** To do **
Omit the pictures and copy the entries exactly.

** Caption-style text data **
###
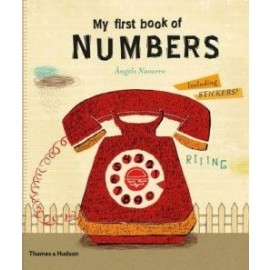 My First Book of: Numbers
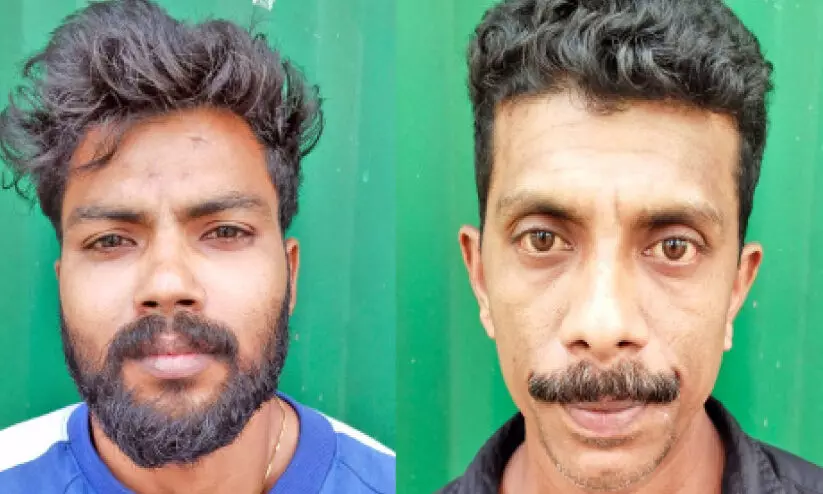 Shebin and haneefa Shebin and haneefa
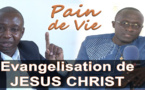 Votre émission PAIN DE VIE - Pr Bonaventure SAGNA Invité: Richard DABO Thème: Evangelisation de Jesus Christ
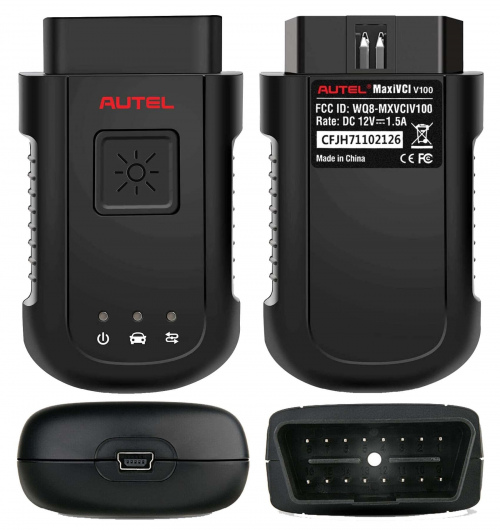 Autel MaxiVCI V100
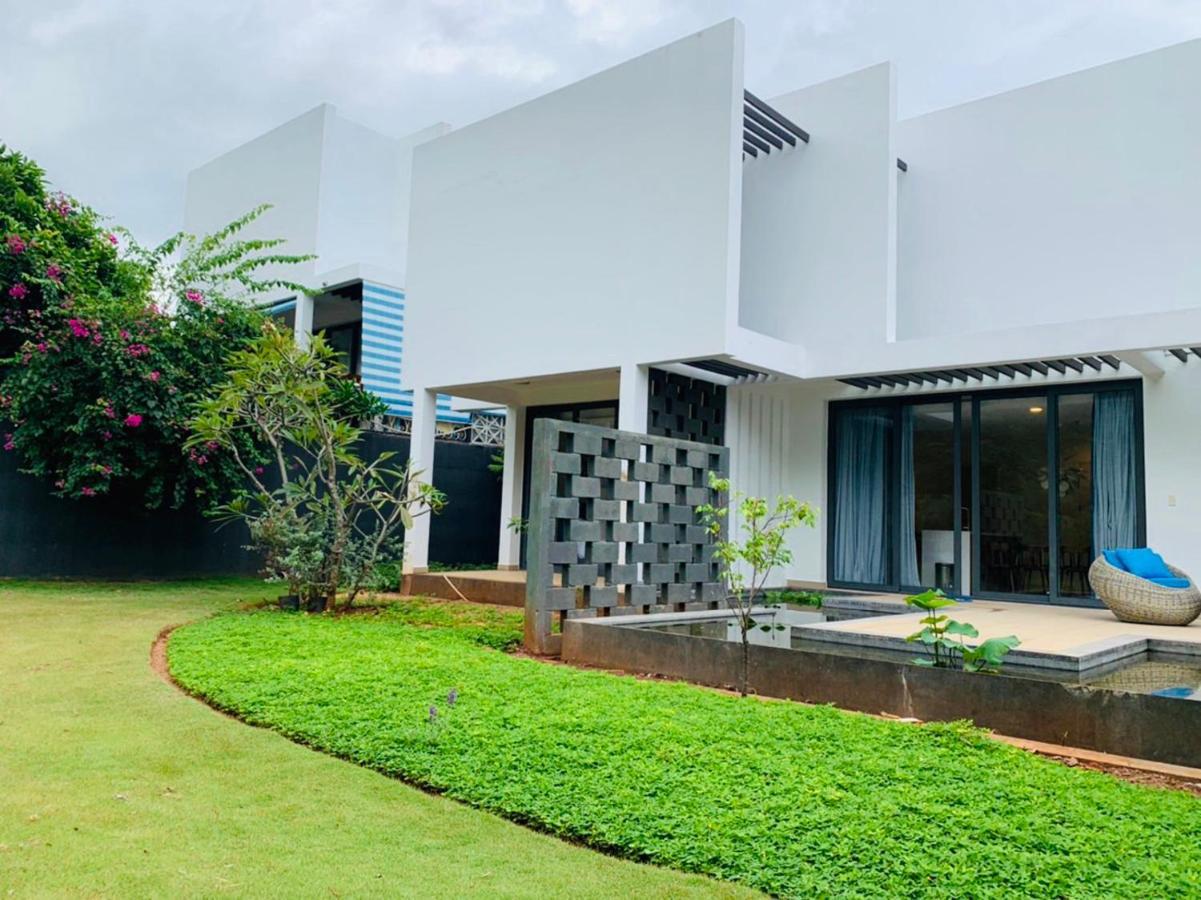 Okinawa Villas And Beach Club - Oceanami Resort 隆海 外观 照片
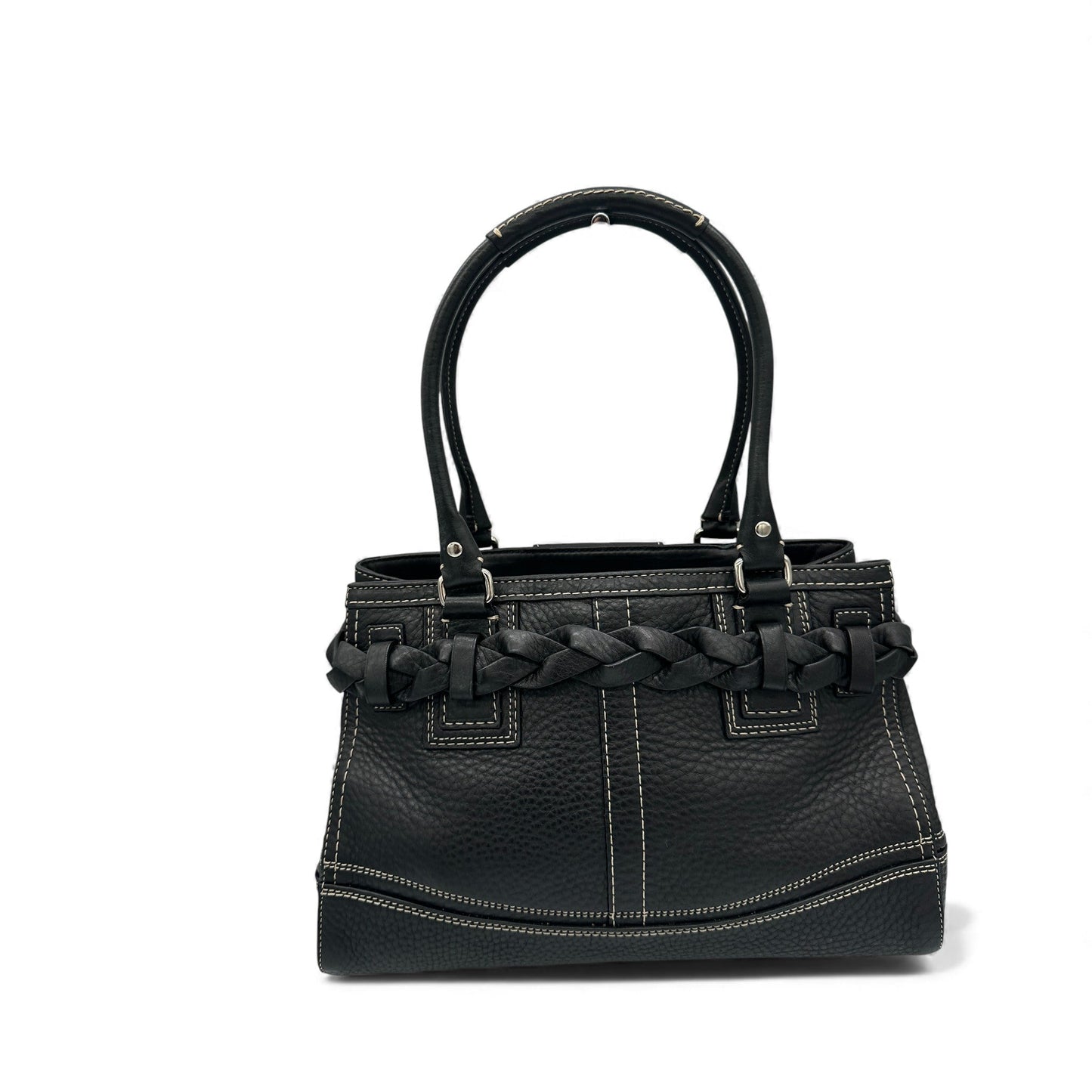 Vintage Coach F13084 Hampton Clip Tote Bag - Thanks it's Vintage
###
** Answer to this exercise **
 My First Book of: Numbers
 Shebin and haneefa Shebin and haneefa
 Votre émission PAIN DE VIE - Pr Bonaventure SAGNA Invité: Richard DABO Thème: Evangelisation de Jesus Christ
 Autel MaxiVCI V100
 Okinawa Villas And Beach Club - Oceanami Resort 隆海 外观 照片
 Vintage Coach F13084 Hampton Clip Tote Bag - Thanks it's Vintage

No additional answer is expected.